Очевидцы утверждают, что к ряду инсталлированных врагов, включавшему Саакашвили и других деятелей, которым и вправду «здесь не рады» (и за что ребятам ничего, кроме респекта, не выскажу), было намерение присовокупить, к примеру, Квентина Тарантино. Основания: он в фильме «Бесславные ублюдки» исказил итоги Второй мировой войны, а также роль Красной Армии в победе над фашизмом. У него в фильме, как известно, Гитлер и прочие гибнут в кинотеатре, поджариваемые на рулонах кинопленки. Залихватская метафора кино как творца новой реальности, запоздалой мести тех, кто в реальной жизни был исключительно жертвой, и нисколько не победителем, не должна ускользнуть, как артикль на старой карикатуре. Я в этом уверен точно так же, как и в том, что шутить по поводу Гитлера пора не пришла. Зря постановщики дурацких фильмов вроде «Гитлер капут!» на это рассчитывают. А может, и не придет никогда.
Однако, как и любому нормальному человеку, что-то мешает мне поставить Квентина Тарантино в один ряд с Саакашвили. Что же мешает? Дедов чердак книг — ведь у каждого должен быть такой. Голос Марлен Дитрих. Въевшаяся фраза Пьера Безухова про «мою бессмертную душу». Книга Умберто Эко, в конце концов.

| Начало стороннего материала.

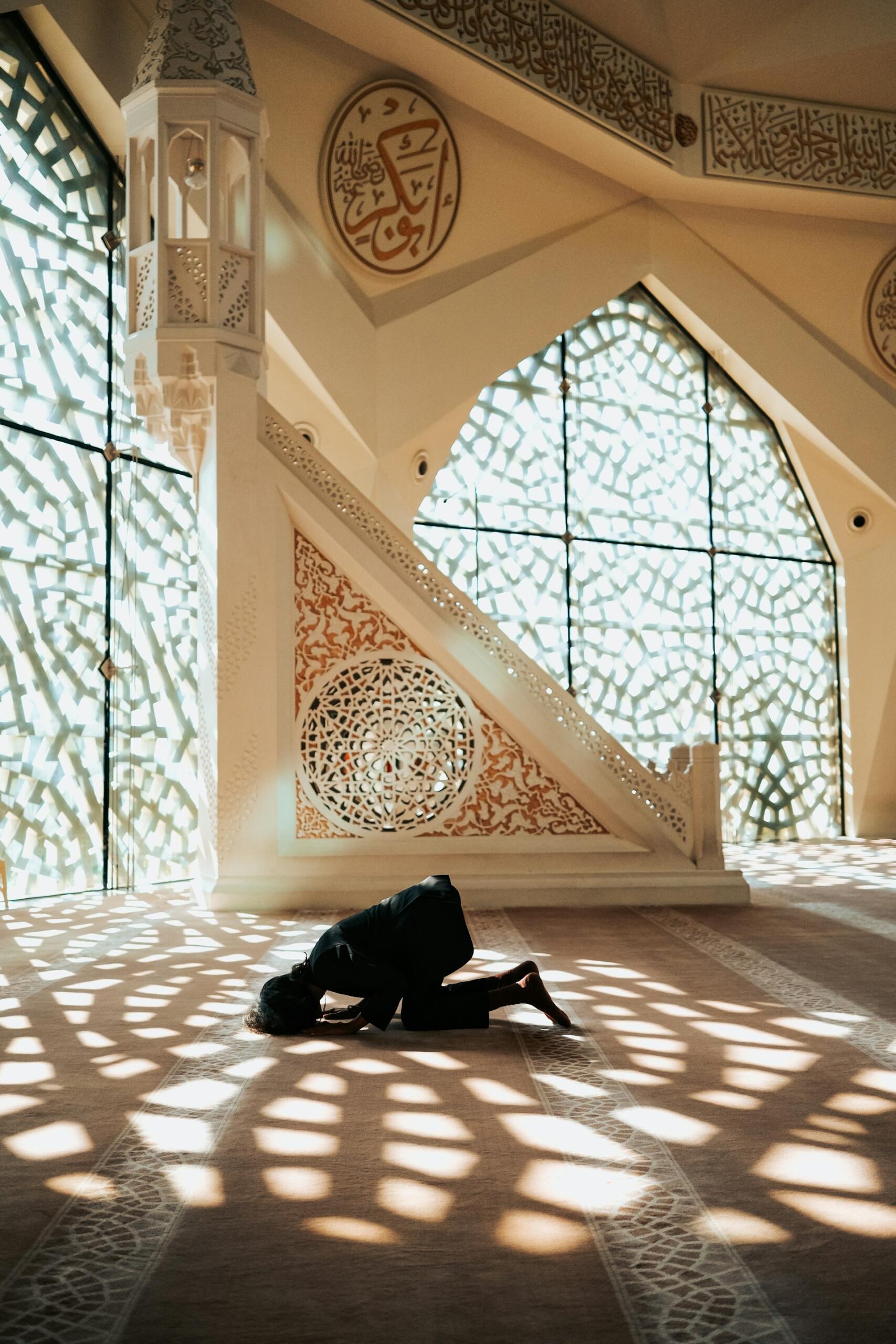 Devoto prega in moschea durante la festa del Ramadan.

Хочу вернуться к теме Шевчука. На Селигере, в брезентовых палаточных кулуарах, состоялся нешуточный спор: а не поместить ли и лидера ДДТ в инсталляцию? Ведь он «несогласных» защищал! Я в том споре не участвовал, «несогласных» не люблю, но Шевчука бы защитил, хотя защитили и без меня.
Вот на таком фоне спорили, представьте. Нило-Столбенская пустынь рядом.

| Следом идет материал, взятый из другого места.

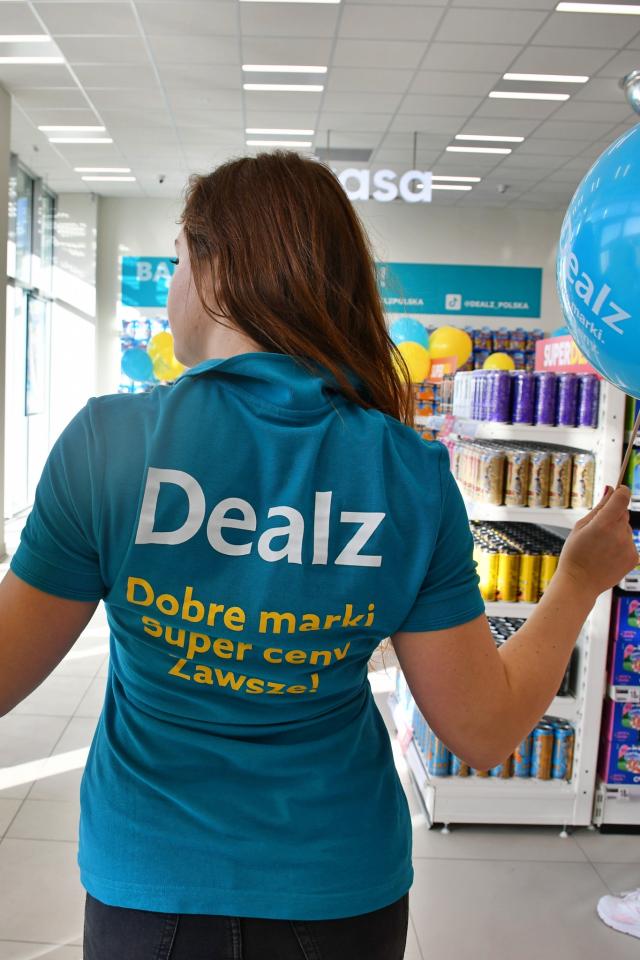 W poniedziałek, 31 października został otwarty nowy sklep Dealz w Mikołowie! Sklep znajduje się w KP Park przy ulicy Gliwickiej 34. 30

Голова ведь у человека — штука нелинейная, в ней много чего умещается. И пыль всякая, и ярость, и вина за содеянное в беспамятстве, и общенародные откровения. «Что такое осень? Это небо». У рок-звезды день начинается с проверки: так, что я вчера пел? Свободу ставил на первое место? Власть крыл во все корки? Не прогнулся?
Без выполнения этих упражнений рок-звезда не просто тухнет — стухает. Тем более что Шевчук предельно искренен в своих речах — достаточно сравнить с его песнями.

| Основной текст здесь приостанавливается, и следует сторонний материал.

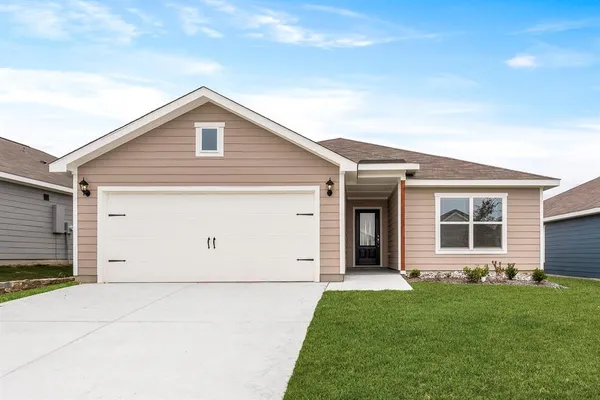 $325,900 | 10117 Throttle Lane, Fort Worth, TX 76131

Правда, художественная сила и воздействие их несопоставимы.
Политик и художник в одной-то голове не сильно уживаются. И точно несочетаемы ни в каком ряду. Больше того — я против, чтобы строить подобные ряды.
Врагов России — а они у нее есть — так не победишь. Думающих людей, а им спокон веку свойственны сомнения и рефлексии, распугаешь. Раз уж на том же Селигере ребята готовятся в элиту, как говорится, страной руководить, то лучше бы подумали над каждым персонажем своей «биеннале» в отдельности. У каждого из них свой определенный артикль, и умному человеку он важен.
Не упрощайте, да не упрощаемы будете.